[Data excerpts]
━━━

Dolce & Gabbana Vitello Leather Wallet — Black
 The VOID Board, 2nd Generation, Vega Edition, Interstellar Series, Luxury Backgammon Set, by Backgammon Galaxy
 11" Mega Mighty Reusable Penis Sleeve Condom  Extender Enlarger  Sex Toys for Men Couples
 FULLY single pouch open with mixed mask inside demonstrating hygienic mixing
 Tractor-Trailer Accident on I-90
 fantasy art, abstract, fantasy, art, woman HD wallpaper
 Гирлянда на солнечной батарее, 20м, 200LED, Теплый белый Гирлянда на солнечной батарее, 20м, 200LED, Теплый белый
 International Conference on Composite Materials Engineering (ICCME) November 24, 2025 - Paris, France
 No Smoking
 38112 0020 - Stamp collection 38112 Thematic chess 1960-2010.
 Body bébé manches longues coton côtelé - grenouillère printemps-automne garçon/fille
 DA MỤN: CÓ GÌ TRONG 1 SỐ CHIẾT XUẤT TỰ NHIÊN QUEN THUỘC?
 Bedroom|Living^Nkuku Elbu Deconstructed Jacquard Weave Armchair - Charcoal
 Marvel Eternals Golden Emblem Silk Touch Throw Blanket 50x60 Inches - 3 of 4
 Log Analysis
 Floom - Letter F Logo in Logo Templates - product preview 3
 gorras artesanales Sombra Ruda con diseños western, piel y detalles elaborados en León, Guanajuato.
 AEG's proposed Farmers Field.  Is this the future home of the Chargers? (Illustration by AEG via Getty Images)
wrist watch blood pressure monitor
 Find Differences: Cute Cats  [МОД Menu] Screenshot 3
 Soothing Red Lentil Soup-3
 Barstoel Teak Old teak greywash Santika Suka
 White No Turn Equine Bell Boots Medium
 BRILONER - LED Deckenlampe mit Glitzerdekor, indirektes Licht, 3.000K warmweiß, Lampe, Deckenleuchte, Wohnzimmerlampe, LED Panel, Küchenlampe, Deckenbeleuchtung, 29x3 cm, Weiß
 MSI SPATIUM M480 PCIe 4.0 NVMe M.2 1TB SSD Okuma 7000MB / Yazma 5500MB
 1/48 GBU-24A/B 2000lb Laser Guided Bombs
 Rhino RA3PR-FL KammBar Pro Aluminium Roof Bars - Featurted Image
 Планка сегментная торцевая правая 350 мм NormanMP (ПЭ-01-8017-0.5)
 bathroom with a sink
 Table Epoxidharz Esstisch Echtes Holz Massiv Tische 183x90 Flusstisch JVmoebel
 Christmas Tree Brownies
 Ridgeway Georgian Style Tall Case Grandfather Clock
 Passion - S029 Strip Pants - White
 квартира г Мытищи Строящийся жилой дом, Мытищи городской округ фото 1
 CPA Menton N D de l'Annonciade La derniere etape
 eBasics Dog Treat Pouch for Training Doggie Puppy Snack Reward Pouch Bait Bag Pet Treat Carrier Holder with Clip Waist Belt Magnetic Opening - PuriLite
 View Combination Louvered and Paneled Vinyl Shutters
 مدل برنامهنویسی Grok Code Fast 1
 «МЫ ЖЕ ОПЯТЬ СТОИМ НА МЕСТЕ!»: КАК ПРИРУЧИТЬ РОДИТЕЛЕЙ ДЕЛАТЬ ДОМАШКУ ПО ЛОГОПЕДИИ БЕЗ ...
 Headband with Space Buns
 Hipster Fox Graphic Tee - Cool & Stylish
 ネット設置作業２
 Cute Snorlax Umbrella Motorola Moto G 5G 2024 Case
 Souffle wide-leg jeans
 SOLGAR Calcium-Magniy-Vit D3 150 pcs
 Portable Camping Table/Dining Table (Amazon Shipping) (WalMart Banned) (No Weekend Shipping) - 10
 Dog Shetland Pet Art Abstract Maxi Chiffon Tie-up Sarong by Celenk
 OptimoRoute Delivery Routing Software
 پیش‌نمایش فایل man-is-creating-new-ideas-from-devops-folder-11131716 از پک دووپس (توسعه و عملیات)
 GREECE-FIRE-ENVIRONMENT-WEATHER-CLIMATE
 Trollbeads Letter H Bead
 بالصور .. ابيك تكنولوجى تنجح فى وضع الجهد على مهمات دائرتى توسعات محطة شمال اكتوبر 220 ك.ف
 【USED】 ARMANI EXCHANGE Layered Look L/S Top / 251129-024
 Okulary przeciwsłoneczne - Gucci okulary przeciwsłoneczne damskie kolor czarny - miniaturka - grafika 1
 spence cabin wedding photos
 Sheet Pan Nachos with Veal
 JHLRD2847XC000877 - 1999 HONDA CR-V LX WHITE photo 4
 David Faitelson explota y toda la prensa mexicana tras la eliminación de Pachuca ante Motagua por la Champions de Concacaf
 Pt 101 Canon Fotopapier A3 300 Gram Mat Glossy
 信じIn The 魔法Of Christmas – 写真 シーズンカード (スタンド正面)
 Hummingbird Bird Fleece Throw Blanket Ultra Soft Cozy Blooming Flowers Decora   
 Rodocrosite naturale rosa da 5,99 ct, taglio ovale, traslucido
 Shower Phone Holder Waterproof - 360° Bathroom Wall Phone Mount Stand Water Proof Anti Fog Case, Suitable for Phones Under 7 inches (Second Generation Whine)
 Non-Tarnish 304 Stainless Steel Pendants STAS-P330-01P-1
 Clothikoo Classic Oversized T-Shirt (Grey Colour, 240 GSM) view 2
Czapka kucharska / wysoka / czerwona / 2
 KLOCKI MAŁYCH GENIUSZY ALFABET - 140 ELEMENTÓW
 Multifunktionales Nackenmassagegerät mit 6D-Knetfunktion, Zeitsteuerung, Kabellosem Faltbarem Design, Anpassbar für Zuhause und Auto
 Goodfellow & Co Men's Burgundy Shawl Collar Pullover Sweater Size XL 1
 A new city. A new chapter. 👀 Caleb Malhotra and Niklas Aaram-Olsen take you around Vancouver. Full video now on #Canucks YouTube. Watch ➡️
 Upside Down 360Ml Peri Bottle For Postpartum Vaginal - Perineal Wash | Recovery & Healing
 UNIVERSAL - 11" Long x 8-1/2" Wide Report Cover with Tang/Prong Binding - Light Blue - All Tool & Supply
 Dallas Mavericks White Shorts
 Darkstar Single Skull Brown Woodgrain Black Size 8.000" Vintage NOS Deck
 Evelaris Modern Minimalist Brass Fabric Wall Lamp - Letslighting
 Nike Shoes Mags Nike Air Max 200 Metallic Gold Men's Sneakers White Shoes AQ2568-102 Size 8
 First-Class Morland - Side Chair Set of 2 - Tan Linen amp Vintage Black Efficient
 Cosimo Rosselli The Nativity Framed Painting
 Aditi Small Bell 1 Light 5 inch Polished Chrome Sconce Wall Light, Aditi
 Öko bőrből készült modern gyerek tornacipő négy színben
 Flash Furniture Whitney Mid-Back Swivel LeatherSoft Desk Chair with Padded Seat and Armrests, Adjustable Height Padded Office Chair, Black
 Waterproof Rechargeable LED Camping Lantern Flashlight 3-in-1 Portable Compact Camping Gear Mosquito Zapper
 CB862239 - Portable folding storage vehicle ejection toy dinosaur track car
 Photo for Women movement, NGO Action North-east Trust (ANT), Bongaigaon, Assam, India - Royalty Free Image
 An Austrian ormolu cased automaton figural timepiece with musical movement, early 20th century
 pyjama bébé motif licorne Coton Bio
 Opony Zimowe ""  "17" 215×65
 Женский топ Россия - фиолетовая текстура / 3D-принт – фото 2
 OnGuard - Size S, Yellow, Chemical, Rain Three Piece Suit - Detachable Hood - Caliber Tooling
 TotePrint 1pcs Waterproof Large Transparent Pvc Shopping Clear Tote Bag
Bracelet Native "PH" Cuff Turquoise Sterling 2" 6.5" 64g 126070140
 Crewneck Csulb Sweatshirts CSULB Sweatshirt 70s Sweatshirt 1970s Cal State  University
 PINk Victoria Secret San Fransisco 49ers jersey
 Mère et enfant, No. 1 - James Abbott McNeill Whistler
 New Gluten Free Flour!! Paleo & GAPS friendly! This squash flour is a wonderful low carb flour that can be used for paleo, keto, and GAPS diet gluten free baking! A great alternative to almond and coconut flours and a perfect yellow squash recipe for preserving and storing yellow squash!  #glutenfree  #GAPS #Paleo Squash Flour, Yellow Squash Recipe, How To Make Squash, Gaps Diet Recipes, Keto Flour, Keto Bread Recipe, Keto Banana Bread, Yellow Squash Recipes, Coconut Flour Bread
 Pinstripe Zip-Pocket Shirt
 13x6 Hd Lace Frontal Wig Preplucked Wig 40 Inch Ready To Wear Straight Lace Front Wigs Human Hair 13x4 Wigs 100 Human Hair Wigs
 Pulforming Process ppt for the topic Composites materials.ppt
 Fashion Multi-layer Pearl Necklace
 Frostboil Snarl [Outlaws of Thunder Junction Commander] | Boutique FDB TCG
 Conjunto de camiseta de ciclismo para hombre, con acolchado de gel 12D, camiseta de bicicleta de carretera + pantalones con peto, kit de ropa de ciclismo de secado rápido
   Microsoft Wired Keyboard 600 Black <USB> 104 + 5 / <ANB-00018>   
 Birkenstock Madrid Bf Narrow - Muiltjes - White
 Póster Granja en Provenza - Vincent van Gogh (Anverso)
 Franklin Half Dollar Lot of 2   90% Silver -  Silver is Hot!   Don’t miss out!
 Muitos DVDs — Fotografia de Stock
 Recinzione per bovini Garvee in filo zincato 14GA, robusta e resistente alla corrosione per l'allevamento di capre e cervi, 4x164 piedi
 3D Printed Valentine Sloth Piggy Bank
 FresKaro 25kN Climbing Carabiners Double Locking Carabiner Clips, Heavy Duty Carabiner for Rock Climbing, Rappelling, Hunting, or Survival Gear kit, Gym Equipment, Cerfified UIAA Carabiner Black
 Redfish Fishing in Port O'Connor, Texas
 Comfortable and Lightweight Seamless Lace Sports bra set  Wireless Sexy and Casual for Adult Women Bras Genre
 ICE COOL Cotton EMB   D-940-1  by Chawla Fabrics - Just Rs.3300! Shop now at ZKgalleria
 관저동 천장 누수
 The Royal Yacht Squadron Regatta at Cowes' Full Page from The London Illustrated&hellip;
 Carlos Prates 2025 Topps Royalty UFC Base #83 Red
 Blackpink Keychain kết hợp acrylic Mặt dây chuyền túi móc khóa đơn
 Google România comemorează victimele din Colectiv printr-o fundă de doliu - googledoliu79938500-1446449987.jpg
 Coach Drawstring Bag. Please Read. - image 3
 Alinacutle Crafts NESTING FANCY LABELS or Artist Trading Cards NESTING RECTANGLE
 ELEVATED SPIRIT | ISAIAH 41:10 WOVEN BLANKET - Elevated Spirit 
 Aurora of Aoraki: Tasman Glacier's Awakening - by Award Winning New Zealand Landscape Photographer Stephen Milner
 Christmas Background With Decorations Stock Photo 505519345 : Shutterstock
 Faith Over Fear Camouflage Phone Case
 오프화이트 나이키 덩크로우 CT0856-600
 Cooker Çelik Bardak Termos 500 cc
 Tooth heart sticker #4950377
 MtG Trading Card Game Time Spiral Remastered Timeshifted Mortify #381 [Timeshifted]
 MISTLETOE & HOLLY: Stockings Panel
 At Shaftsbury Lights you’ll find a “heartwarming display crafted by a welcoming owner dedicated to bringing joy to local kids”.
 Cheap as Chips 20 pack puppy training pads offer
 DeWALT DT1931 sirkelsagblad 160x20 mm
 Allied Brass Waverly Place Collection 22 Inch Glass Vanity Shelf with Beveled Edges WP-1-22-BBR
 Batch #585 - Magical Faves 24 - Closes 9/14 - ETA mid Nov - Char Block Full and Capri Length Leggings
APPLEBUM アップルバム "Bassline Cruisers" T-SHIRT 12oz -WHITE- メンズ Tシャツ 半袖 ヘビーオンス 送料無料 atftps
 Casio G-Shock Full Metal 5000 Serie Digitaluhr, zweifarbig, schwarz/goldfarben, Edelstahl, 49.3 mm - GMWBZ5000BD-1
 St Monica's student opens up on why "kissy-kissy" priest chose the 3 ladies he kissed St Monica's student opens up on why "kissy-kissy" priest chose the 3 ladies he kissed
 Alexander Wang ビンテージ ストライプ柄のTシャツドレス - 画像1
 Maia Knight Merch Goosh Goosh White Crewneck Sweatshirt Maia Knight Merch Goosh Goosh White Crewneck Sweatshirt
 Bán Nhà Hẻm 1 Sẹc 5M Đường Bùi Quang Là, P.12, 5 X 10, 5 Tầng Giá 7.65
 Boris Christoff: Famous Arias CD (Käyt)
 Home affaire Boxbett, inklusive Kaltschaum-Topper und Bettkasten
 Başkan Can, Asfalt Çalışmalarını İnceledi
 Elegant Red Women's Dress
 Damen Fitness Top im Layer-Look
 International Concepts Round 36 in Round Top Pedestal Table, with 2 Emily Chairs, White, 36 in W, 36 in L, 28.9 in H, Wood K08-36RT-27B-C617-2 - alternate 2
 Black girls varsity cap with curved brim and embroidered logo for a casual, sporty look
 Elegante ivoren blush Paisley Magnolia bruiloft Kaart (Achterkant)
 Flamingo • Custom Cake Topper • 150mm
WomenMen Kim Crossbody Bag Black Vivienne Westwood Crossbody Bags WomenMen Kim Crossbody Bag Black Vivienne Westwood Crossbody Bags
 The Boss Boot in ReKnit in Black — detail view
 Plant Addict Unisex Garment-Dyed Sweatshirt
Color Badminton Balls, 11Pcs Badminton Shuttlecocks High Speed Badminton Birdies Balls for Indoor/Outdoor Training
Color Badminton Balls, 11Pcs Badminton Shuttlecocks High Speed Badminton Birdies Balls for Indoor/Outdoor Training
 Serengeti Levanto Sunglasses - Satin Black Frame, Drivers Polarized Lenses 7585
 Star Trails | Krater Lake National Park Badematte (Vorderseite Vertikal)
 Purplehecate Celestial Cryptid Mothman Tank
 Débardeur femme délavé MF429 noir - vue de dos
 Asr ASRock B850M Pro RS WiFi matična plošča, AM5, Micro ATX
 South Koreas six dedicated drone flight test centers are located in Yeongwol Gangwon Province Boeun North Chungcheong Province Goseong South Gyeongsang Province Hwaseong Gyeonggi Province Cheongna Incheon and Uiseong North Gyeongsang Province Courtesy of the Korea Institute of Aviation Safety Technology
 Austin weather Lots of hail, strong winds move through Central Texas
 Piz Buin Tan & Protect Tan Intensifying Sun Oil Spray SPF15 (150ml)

━━━

WHAT YOU NEED TO DO — Among the records, find each line where the word "Phone" occurs, and copy it.

RESPONSE FOR THIS EXERCISE —
 Shower Phone Holder Waterproof - 360° Bathroom Wall Phone Mount Stand Water Proof Anti Fog Case, Suitable for Phones Under 7 inches (Second Generation Whine)
 Faith Over Fear Camouflage Phone Case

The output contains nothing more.